The present study aims at investigating the effects of score distribution on classical and modern estimates of internal consistency. Data sets are simulated that differ for the skewness of the score distribution. Classical and modern measures are expected to be substantially the same when the score distribution is symmetric, whereas they are expected to differ more and more with the increasing of the skewness of the score distribution. This study largely resembles that described by Linacre (1997). The author has only dealt with the dichotomous case and generated a single data set for each skewness condition. In the present study, both the dichotomous and polytomous cases are considered, and multiple data sets are generated for each skewness condition.

Data Simulation

All the data sets simulated in this study consist of the responses of 100 individuals to tests with 30 items. The polytomous data sets were simulated considering items with four response categories. Different skewed score distributions were obtained using the following three-step procedure:

1. A total of 30 true item measures were randomly drawn from a uniform distribution defined on the interval [−3, 3]. When simulating the polytomous data, three true thresholds were randomly simulated (i.e., the threshold between responses 1 and 2, that between 2 and 3, and that between 3 and 4) that were increasingly ordered and equally distant from each other. A total of 100 true person measures were randomly drawn from a standard normal distribution. This construction results in a sample of simulated respondents that is targeted on the test. This condition is denoted with offset = 0.

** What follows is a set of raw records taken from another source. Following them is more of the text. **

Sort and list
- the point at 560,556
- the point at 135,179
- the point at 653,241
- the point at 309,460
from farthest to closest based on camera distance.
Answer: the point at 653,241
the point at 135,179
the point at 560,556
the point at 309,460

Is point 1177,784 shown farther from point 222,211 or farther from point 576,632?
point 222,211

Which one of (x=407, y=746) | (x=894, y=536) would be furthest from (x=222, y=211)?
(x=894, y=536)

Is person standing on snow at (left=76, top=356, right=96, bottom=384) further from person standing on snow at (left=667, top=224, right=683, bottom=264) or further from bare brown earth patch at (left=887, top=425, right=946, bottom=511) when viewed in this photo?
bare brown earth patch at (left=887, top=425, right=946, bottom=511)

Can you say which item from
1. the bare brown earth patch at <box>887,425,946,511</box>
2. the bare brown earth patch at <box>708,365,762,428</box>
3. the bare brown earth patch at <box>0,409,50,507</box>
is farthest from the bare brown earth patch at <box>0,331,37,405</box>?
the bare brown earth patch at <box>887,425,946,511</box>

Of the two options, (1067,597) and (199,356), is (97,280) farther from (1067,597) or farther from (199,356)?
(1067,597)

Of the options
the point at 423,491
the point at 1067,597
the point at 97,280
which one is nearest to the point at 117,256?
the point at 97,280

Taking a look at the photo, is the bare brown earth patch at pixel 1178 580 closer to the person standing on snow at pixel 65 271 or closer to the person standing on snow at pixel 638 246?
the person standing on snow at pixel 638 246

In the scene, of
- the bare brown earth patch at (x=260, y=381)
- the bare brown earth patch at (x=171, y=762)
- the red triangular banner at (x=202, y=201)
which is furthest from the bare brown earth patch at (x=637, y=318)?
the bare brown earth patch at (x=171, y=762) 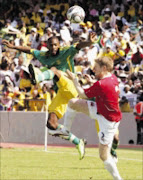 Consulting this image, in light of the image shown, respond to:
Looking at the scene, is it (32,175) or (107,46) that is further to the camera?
(107,46)

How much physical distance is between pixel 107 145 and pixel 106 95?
755 mm

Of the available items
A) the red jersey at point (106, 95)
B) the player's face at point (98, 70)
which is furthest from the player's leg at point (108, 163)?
the player's face at point (98, 70)

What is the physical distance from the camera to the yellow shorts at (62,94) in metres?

2. Four mistargeted samples were obtained by adding one, two, three, or four logits to the true person measures drawn in Step 1 (the logits are the measurement units constructed by Rasch models; Wright, 1993). These conditions are denoted with offset = 1, 2, 3, and 4.

3. Data sets were simulated for each of the five offset conditions. The dichotomous data sets were simulated using the SLM (Rasch, 1960), whereas the polytomous data sets were simulated using the RSM (Andrich, 1978).

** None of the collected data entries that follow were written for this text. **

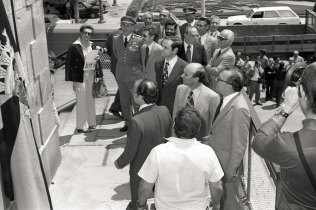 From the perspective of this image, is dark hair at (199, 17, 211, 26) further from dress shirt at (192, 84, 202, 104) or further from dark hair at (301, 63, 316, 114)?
dark hair at (301, 63, 316, 114)

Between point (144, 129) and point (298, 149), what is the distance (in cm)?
180

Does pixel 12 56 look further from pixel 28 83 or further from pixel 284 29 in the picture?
pixel 284 29

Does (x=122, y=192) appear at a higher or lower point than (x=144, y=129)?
lower

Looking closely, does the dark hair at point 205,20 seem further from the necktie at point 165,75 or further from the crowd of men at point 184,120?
the necktie at point 165,75

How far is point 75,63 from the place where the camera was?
7.70m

It is noted in passing that the use of a uniform distribution for the item measures is a common choice (Linacre, 2007), and depicts the condition of tests measuring the different latent trait levels with the same precision. The use of thresholds that are increasingly ordered and equally distant depicts the condition of a well-functioning response scale (i.e., the response options are equally relevant and their choice appropriately reflects respondents’ latent trait levels).

The aforementioned three-step procedure was repeated 100 times. Thus, 100 data sets were simulated for each of five offset conditions.

Results

Results considering the tests with dichotomous items are considered first. For each of the five offset conditions, Figure 1 displays the score distribution, averaged across the 100 data sets simulated for that condition. When offset = 0 (i.e., the sample is targeted on the test), the score distribution resembles the distribution of person measures. Contrariwise, as offset increases (i.e., the samples are less and less targeted on the tests), the score distributions are more skewed, with high scores becoming more and more frequent. Ceiling effects are observed when offset is 3 or 4. It is worth noting that, in the five offset conditions, the underlying distribution of person measures is always the normal distribution.

FIGURE 1

Figure 1. Score distributions for each of the five offset conditions in the tests with dichotomous items.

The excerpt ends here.